The sun isn’t out because it won’t be coming out today. This is not the apocalypse—this is Svalbard, the Norwegian archipelago located between the North Pole and Norway’s mainland. We’re so far north that at this time of year we’re out of the sun’s warm reach.
No matter. There’s beer to keep us warm out here in the polar darkness. Namely Svalbard Bryggeri beer.
Robert Johansen was just 22 years old when he first came to Longyearbyen, Svalbard’s largest settlement and the world’s northernmost town. Although his dream was always to become a pilot, he worked the mines in those early years. It would be decades later, after leaving and returning to Svalbard, that he would make that career aspiration come true. Later still, he realized another dream of opening a brewery at the top of the world.
In 2007, Johansen bought a 20-liter homebrew kit that stoked his passion for making beer. (Perhaps it was in his blood: Norway’s beer tradition dates back some thousand years, and today the country has about 190 craft breweries.) For two years Johansen worked on his craft before the idea came to scale up. He wanted to make a product Svalbard could call its own, but the law stood in his way: An archaic rule left over from 1928 deemed alcohol production on Svalbard illegal.
Johansen applied to the government on the mainland to change the law in 2009, thinking the process would be quick. Years went by with no progress, despite his dedication to calling the government agency on the phone once a month religiously.
“Yes, I did indeed have doubts that the law was going to change,” says Johansen. “In the beginning I was pretty sure that they would change the law, but as the years kept going my doubts got bigger. The last few years I thought there was around 70- to 80-percent chance for the law to change. But finally it did!”
It took five and a half years before the Norwegian government overturned the law. On July 1, 2014, Johansen and his wife Anne Grete received the news that they could move forward. By August 2015, Svalbard Bryggeri was open for business.
Finding a bryggerimester, or brewmaster, was tricky. Johansen tapped a Norwegian craft beer Facebook group to try and find an able candidate to move north. While it took serious coaxing to convince Andreas Hegermann Riis to take the job, the Norwegian brewmaster has stayed on since he accepted the position in 2015. He now lives on Svalbard full-time with his wife.
Even with the right personnel in place, it’s still not easy to brew out here in the Arctic. “The city is now changing from coal-mining culture to tourism,” says Johansen, “and then the laws and rules also [have] to change with time to please the tourism culture that is getting bigger and bigger here in town. I can find it challenging with every ‘old’ law in town that [was] made for the mineworkers in town.”

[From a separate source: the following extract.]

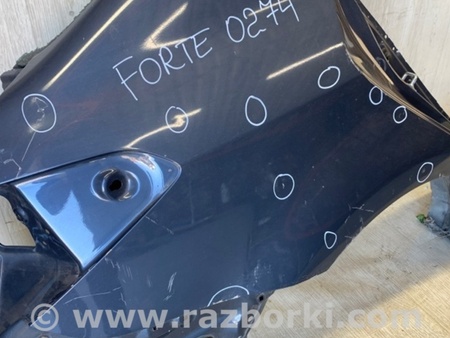 ФОТО Четверть кузова задняя для KIA Forte YD (2012-) Киев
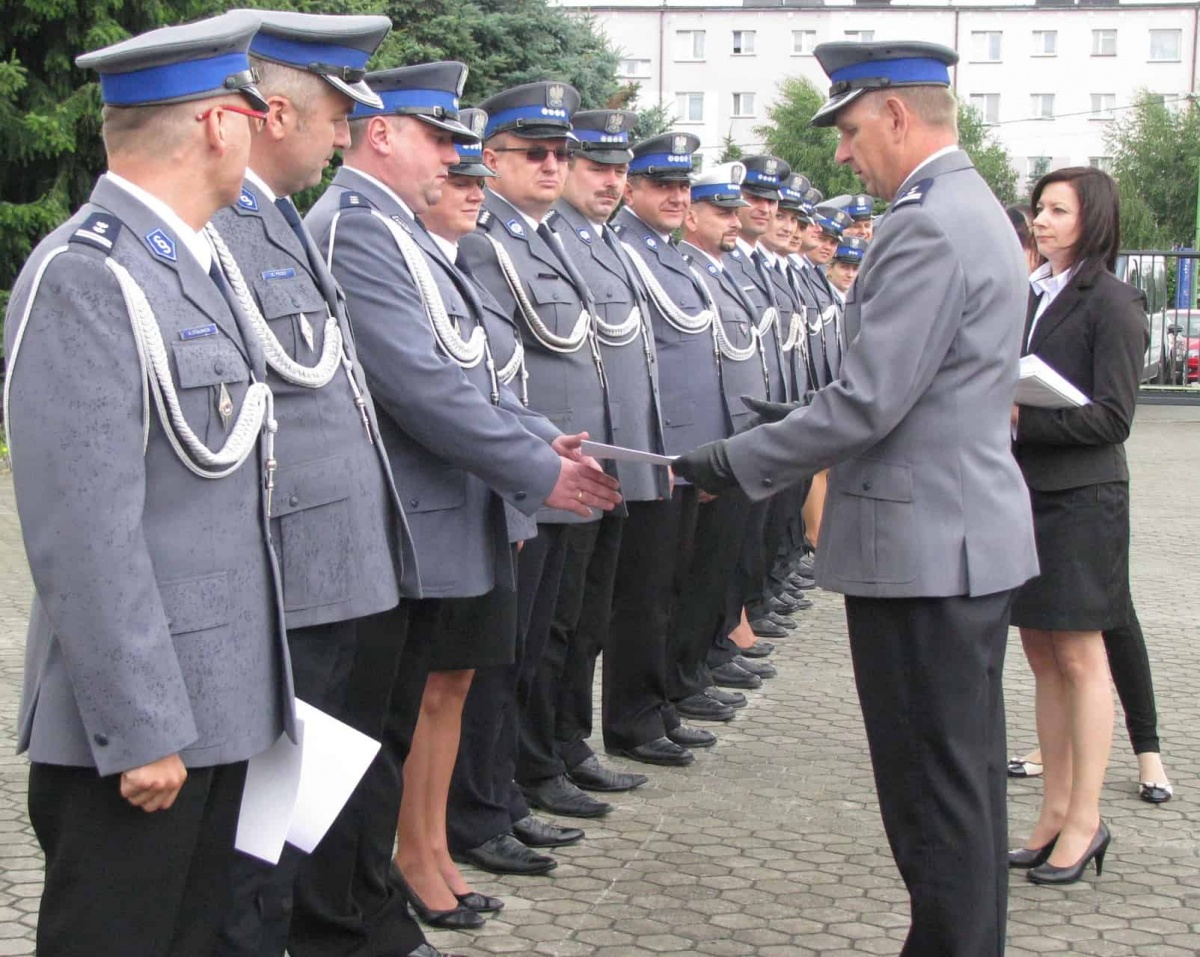 Święto policji w Ropczycach - ZDJĘCIA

The brewery has nevertheless prevailed. In just three and a half years, the operation has already doubled to a capacity of 500,000 liters. Around these parts, the beer can be found in every hotel, restaurant, and bar, with 70 percent of the brewery’s capacity sold in Svalbard. The beer is also exported to the mainland, and Svalbard Bryggeri beers can be found in more than 100 bars around Norway. Svalbard Bryggeri puts out a pilsner (which accounts for half of its stock) made with Viking Malt from Finland and Czech hops, as well as a weissbier, pale ale, IPA, and stout (Johansen’s favorite).
With business booming, the brewery’s latest mission is to tackle waste issues. It costs nearly $6,000 a month to get rid of the malt mash waste. Eight months ago, Svalbard Brewery partnered with Innovation Norway to develop some sort of solution for its expensive problem. The result of their collaboration was to create a method of burning dry mash to create energy for Longyearbyen. The brewery’s waste now translates to more hot water on the island, leading to the new marketing slogan “drink more beer to give me longer showers.”
“My hope for Svalbard Brewery is to have a stable business environment and to run a place where people would like to work, and also enjoy working here,” Johansen says. “In the future, I hope to create more jobs where people thrives. We are off with a good start with the staff and business we have today. And I am very grateful for this.”